#### What is being asked:
Starting at the first line of the records below, reproduce every line up to and including the line with "Ladies and gentlemen, this", but leave out all pictures.

#### Records for processing:
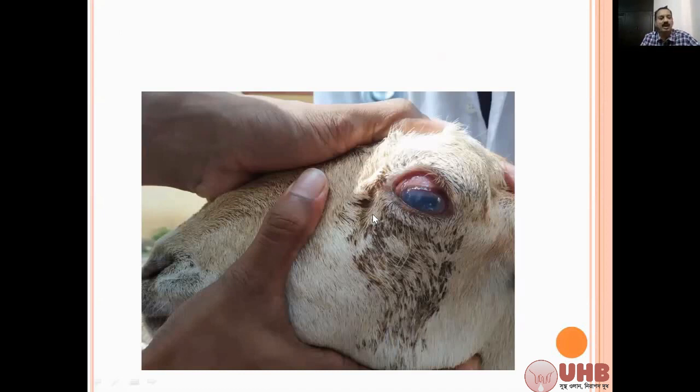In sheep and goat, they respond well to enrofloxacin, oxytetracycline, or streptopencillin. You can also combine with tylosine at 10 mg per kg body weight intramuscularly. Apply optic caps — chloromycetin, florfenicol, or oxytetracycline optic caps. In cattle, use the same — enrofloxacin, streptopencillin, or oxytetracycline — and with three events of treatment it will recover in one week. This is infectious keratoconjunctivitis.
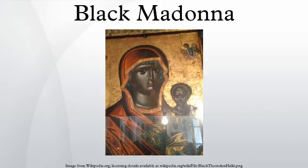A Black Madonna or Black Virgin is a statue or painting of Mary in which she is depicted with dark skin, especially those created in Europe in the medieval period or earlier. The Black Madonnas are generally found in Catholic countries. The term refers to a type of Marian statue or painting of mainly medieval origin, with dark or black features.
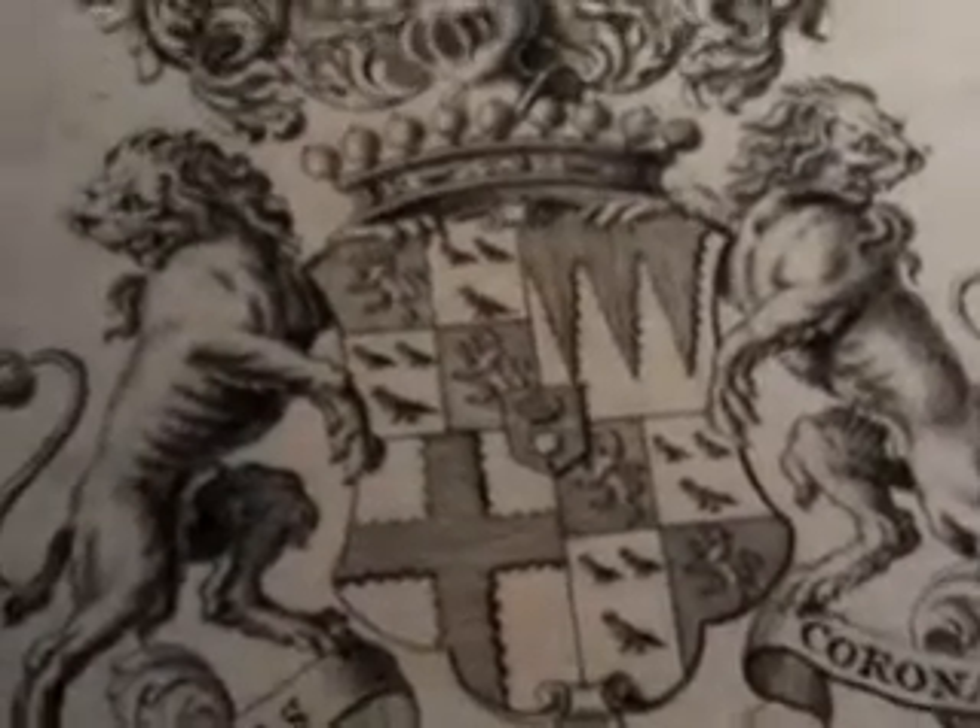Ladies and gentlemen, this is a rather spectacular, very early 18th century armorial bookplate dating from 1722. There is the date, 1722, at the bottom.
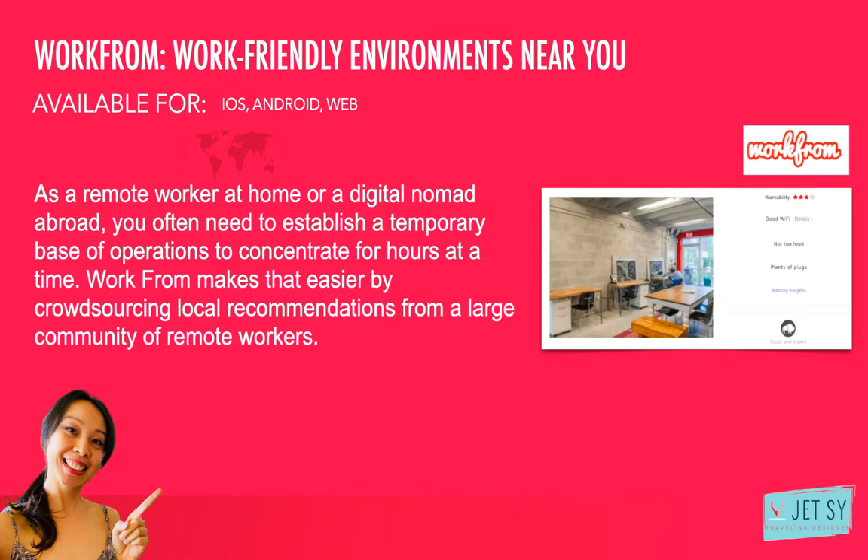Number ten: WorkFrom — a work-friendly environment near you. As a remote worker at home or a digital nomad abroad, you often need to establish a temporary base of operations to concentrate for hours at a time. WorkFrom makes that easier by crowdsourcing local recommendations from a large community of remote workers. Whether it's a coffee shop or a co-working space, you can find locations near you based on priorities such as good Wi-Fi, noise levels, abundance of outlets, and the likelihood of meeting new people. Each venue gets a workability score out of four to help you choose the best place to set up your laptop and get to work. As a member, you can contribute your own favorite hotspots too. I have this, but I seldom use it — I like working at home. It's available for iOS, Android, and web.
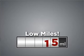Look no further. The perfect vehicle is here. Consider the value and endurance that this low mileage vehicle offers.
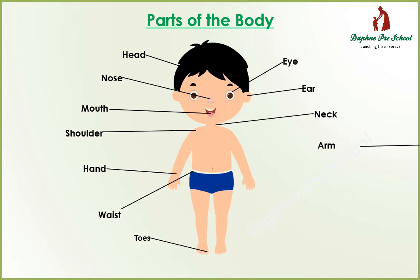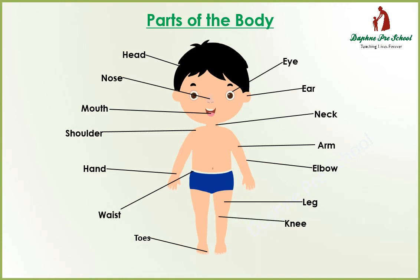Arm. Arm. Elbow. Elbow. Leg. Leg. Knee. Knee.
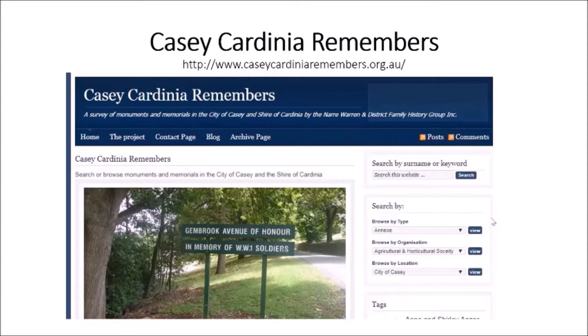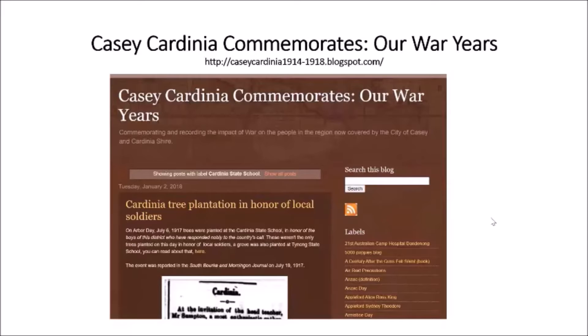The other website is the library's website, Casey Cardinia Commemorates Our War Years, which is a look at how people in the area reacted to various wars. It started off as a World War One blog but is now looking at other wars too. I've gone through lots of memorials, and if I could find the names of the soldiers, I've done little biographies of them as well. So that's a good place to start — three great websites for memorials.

#### Solution:
In sheep and goat, they respond well to enrofloxacin, oxytetracycline, or streptopencillin. You can also combine with tylosine at 10 mg per kg body weight intramuscularly. Apply optic caps — chloromycetin, florfenicol, or oxytetracycline optic caps. In cattle, use the same — enrofloxacin, streptopencillin, or oxytetracycline — and with three events of treatment it will recover in one week. This is infectious keratoconjunctivitis.
A Black Madonna or Black Virgin is a statue or painting of Mary in which she is depicted with dark skin, especially those created in Europe in the medieval period or earlier. The Black Madonnas are generally found in Catholic countries. The term refers to a type of Marian statue or painting of mainly medieval origin, with dark or black features.
Ladies and gentlemen, this is a rather spectacular, very early 18th century armorial bookplate dating from 1722. There is the date, 1722, at the bottom.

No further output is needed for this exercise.